A marketing toolkit, a YouTube video and a dedicated website are among the first results of STTC-backed sustainable tropical timber plans being undertaken by EU national timber trade federations. In total four federations are signed up to these STTC-backed projects to develop their national markets for sustainably sourced tropical timber and assist their members in procurement and promotional strategies; those of France, Germany, Spain and Denmark.
One of the first to report on its latest action plan activities was Le Commerce du Bois of France (LCB). It has organised regional meetings with NGO´s and leading importers to discuss key sustainable tropical timber sourcing and market development initiatives. LCB has also created a sustainable tropical timber digital toolkit which it features on its website, www.lecommercedubois.org and offers on a USB stick. It includes a directory of French tropical importers, technical and environmental guides, videos and information on the STTC.
The French association also approached 22 architectural schools to offer presentations on sourcing and construction potential of sustainable tropical wood. This, however, was the least successful of its activities. “We had difficulties mobilising architects and think this deserves strategic reflection within the STTC and European Timber Trade Federation on how to reach out to specifiers more efficiently,” said LCB Director Eric Boilley. He added that his organisation is also now proposing presentations to vocational schools providing timber-related degrees.

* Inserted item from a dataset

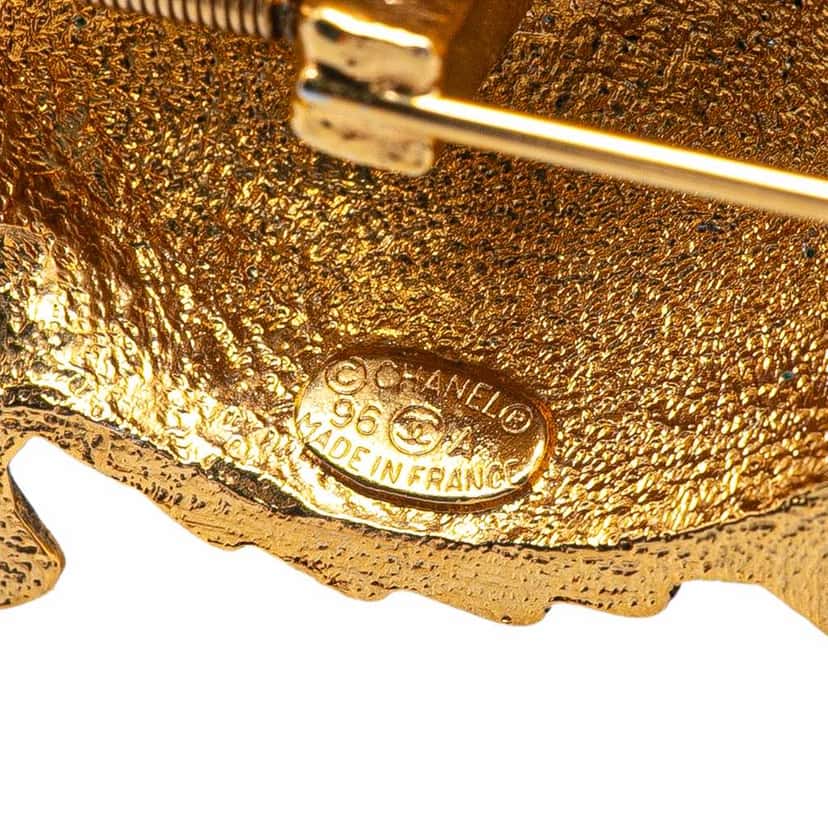 Chanel Gold Plated Turtle Pin Brooch Gold Metal Good condition - Inside View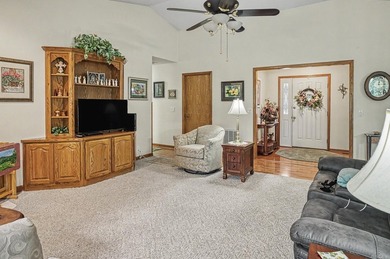 Easy Living in this 3 bedroom 2 bath home. Laminate flooring - photo 11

In Germany, the GD Holz federation has focused on the fact that commercialising tropical timber , albeit sustainable, is still “like a red rag to a bull for many people”. Consequently it has produced a consumer and specifier-targeted video for its YouTube channel. This highlights that “circumstances in many tropical timber producing countries have changed and the use of sustainable tropical timber has become a key factor in preserving global rainforests. It shows in a simple and entertaining way the benefits of using sustainably certified tropical wood,” stated GD Holz, which invites others to post it on their websites (the English version is at https://youtu.be/Atm_RUVmdHA). “It’s not possible to provide all the relevant information in a 100-second clip, but we will also be setting up a distinct information section at www.use-it-or-lose-it.org with additional facts about the positive effects of sustainable development in the use of tropical wood,” said GD Holz.
Meanwhile in Denmark, the Danish Timber Trade Federation (DTTF) has focused on “developing the base for communications about tropical timber” for its members to use in day-to-day business. “We’ve been working to elaborate and explain key messages – that sustainably sourced tropical timber is a safe and versatile material, which is readily available in the marketplace – so that members can use them consistently and repeatedly in their own communication to sell the positive story about sustainably sourced tropical timber products,” said Director Jakob Rygg Klaumann. This information toolkit is available at http://dktimber.dk/tropisk-trae. It includes facts about tropical timber, and details about legal and sustainable forest management, timber properties and applications, the link between a viable market for sustainable timber and maintaining the forest and between the latter and tackling climate change. The DTTF is particularly targeting this information to retailers as key market influencers “to help them overcome negative perceptions about tropical timber among their customers”.